Facebook friendships can be a tangled web – or a prize fight.
I received a friend request the other day on Facebook. Hey, it happens. But this time, it was a little weird.
Frankly, I didn’t recognize the person, but we had lots of mutual friends. Plus, she apparently belongs to several of the same special-interest/recreational groups to which I do. So I accepted her friend request.
That’s where the trouble started.
Before the day was out, I spotted a post she had put up in a Facebook group to which we both belonged. It linked to her personal Facebook page and her Facebook business page as well.
The post quoted one of my online articles – verbatim and in full – without permission for publication.
It was copyright infringement, plain and simple.
My publisher does not take kindly to such things. So I messaged this new “friend” and informed her as kindly as possible that the information was copyrighted.

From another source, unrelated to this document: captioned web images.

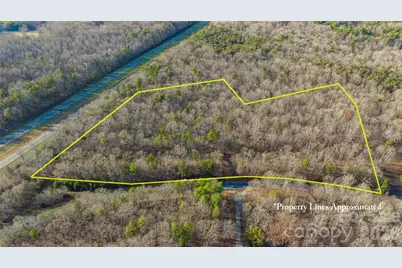 0 Cooper Road, Staley, NC 27355 - Photo 2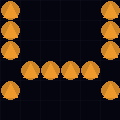 45.112.19.193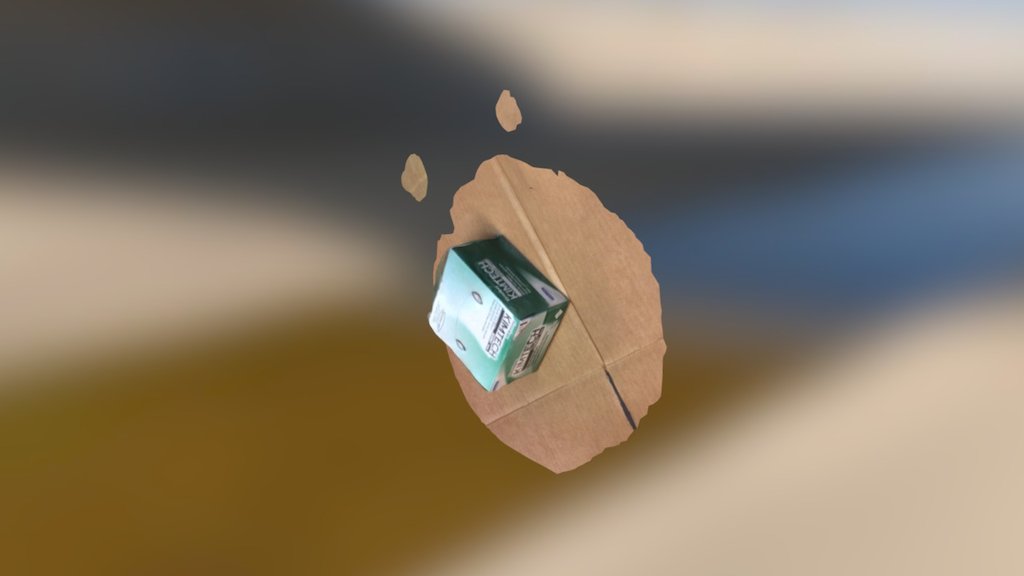 Box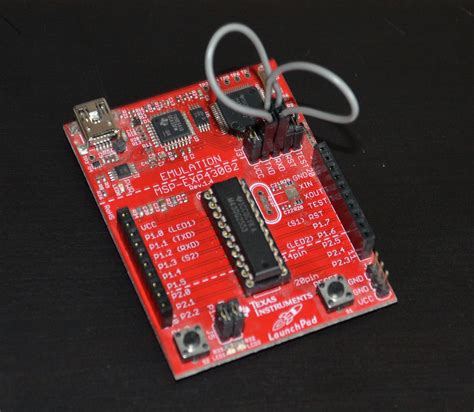 Image result for UART with Bootloader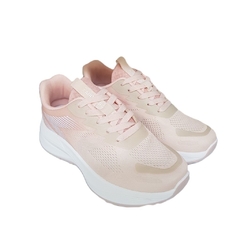 ZAPATILLA AIRNESS ART.TONG en internet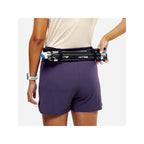 MILLET Intense Pro Light Women's Shorts W 5'' Purple Plum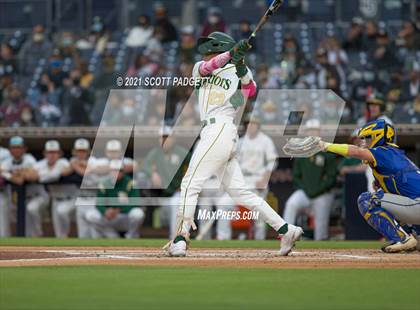 Thumbnail 3 in Mira Mesa @ Patrick Henry photogallery.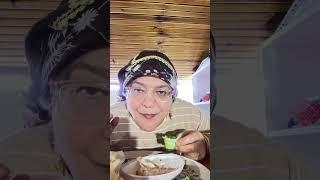 #YEMEK#BÖLÜM/2/#food#taeam#MUKBANG#ASMR#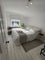 Photo of houseshare in Tottenham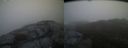 ./images/calvert/buxton2/20150515/buxton220150515_205503M.jpg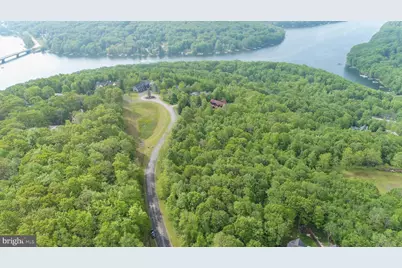 Lot 47 Mountaintop Road, Mc Henry, MD 21541 - Photo 25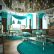 Living Room Brown And Teal Living Room Ideas Imposing On In Decor Waterprotectors Info 18 Brown And Teal Living Room Ideas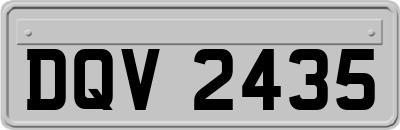 DQV2435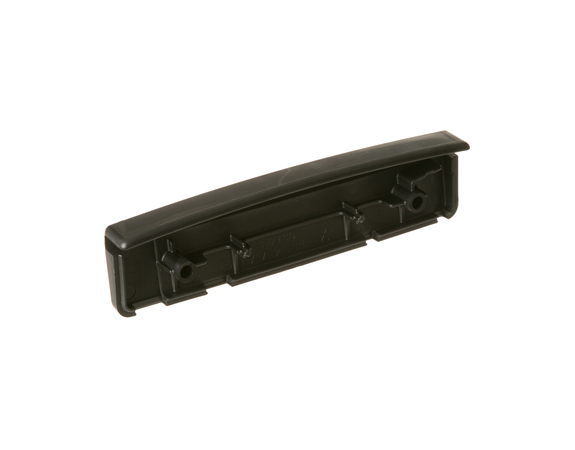 COVER HANDLE FRONT – Part Number: WD09X20507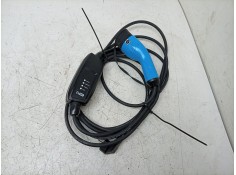 MODULO ELECTRONICO 7711943515 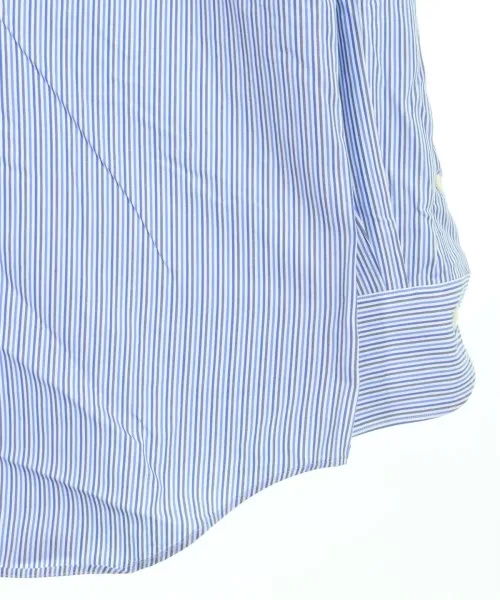 MACKINTOSH Casual shirts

Hey, maybe she didn’t know about copyrights, plagiarism, and publication laws. Lots of people don’t. Or, at least, they claim they don’t.

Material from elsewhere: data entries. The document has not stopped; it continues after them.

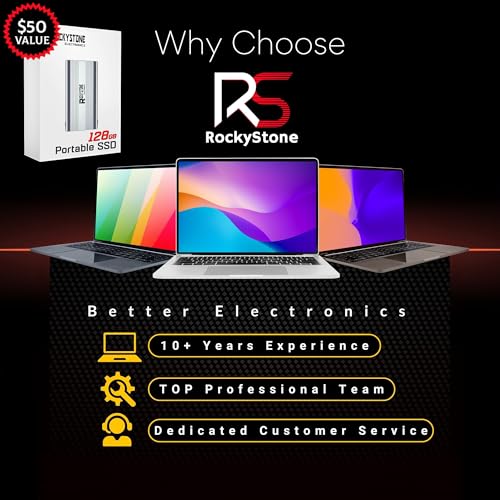 HP RTX 4050 Gaming Laptop Victus 15.6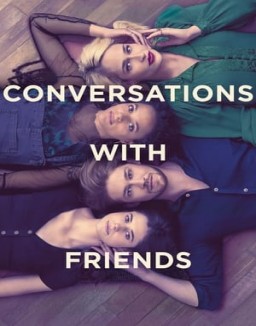 Conversations with Friends Saison 1 Episode 4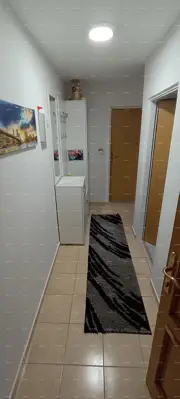 Apartment 56 m², Jadreški - 2 bedrooms and parking space - 5
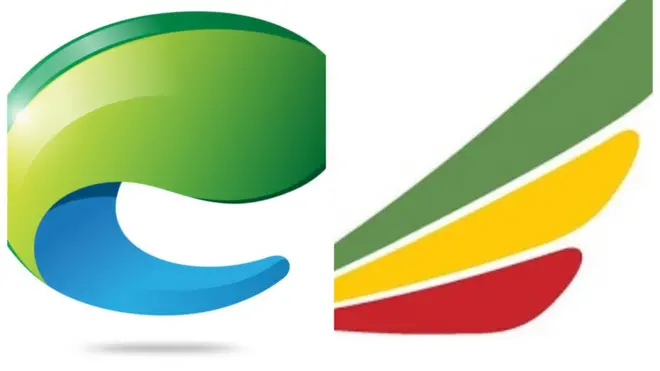 ኣርማ ኢትዮ ቴሌኮምን መገዲ ኣር ኢትዯጵያን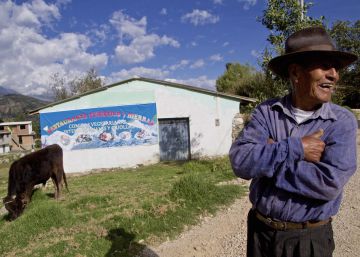 Reservas de sostenibilidad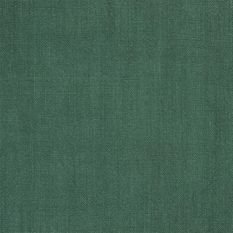 Brera Lino Ivy Fabric by Designers Guild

I suggested she remove the post (and all shares of it) before the publisher spotted it and possibly took action.
Apparently, she did remove the offending posts. But she also removed me promptly from her Facebook friends list.
This person, who approached me first and whom I still don’t even know, was friends with me for about six hours. That was it.
No harm, no foul. Right? Maybe … or maybe not.
Facebook does not issue notifications when someone dumps a friend. But it’s easy to tell, if one looks at that person’s page and sees the “Add Friend” button. That’s pretty much a dead giveaway.
So much for alerting someone ahead of time to possible legal action. And so much for a new friendship.